Kirill Zubov / Aug 24 2019
Remix of Julia by Nextjournal

JSoC Final Report

Julia Season of Contribution 2019 has come to an end. I worked on implementation the library for solve high-dimensional PDEs using neural networks. You can find the project in the repository for this link - NeuralNetDiffEq.jl. This post is about a summary result of my work in JSoC.

Achievements

Earlier I wrote posts about the work done. For details about the work you can visit the previous blog posts and also I breaf describe what was done:

In addition to what has been described above, there has also been wrote many tests for each methods (you can find them in the repo). Each test represent a numerical solve for semi-liner high-dimensional differential equation that to compare with right answer.

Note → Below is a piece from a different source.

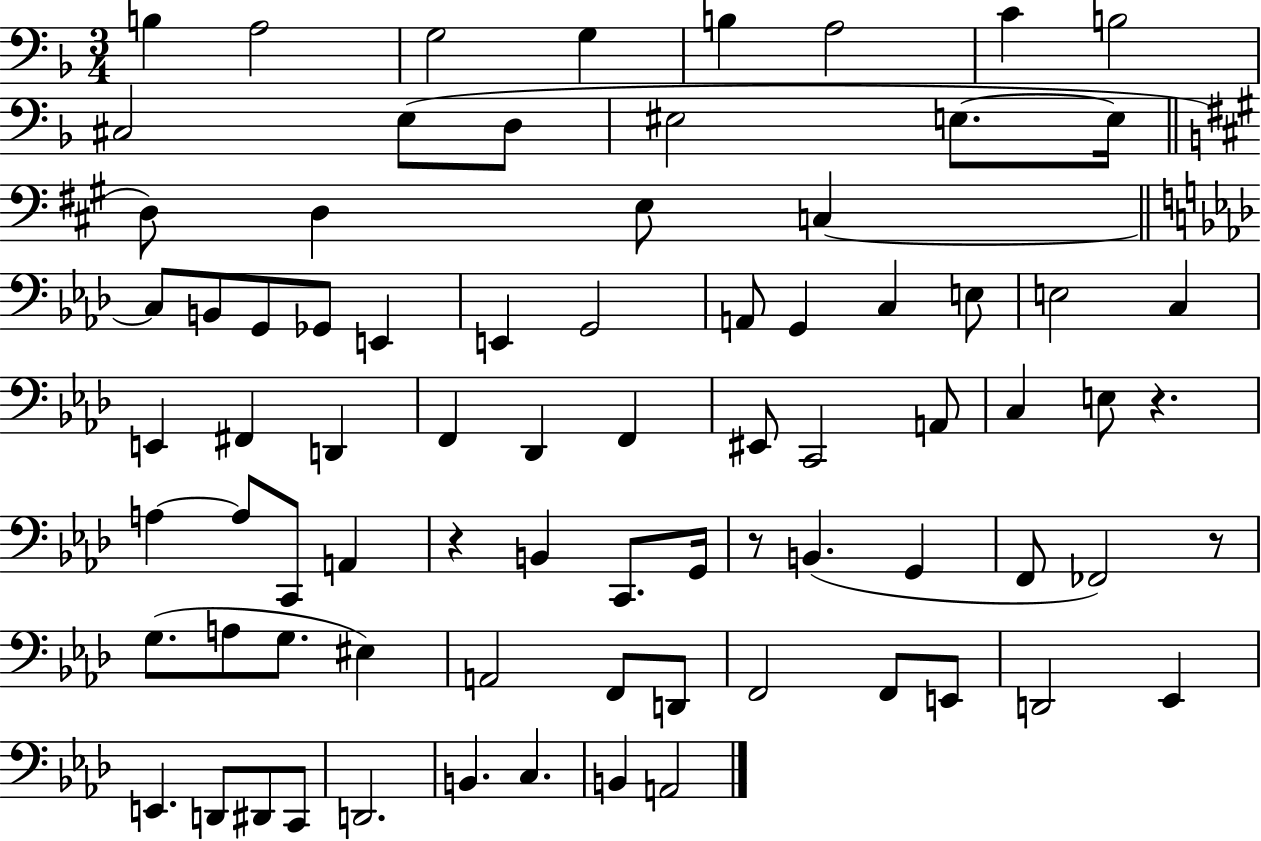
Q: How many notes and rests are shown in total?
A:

There was written tests for next differential equations:

  • Heat equation
  • Black Scholes Barenblatt equation
  • Allen-Cahn equation
  • Hamilton Jacobi Bellman equation
  • Nonlinear Black-Scholes equation with Default Risk

In addition, besides everything that is describe above we started writing an article using the results of work in the project at JSoC

Future issues

Anyway, there is a lot more stuff to be done, from solving small bugs to implementing major features.

For example:

  • Optimal stopping problems through neural networks
  • Kolmogorov equations through neural nets
  • Deep learning for random PDEs
  • Deep learning methods for stochastic elliptic PDEs
  • Deep learning methods for free-boundary PDEs
  • GPU and TPU support
  • Option that allow get solution of differential equation on every time step

Final word

It's been exciting be part of all that. I had fun and very productive summer at JSoC. Moreover, I would be exactly glad to continue working on NeuralNetDiffEq project.

It was a pleasure working under my mentor Chris Rackauckas, who has helped me tremendously throughout this journey.

Thanks to the Julia community for this marvelous opportunity to participate in the project.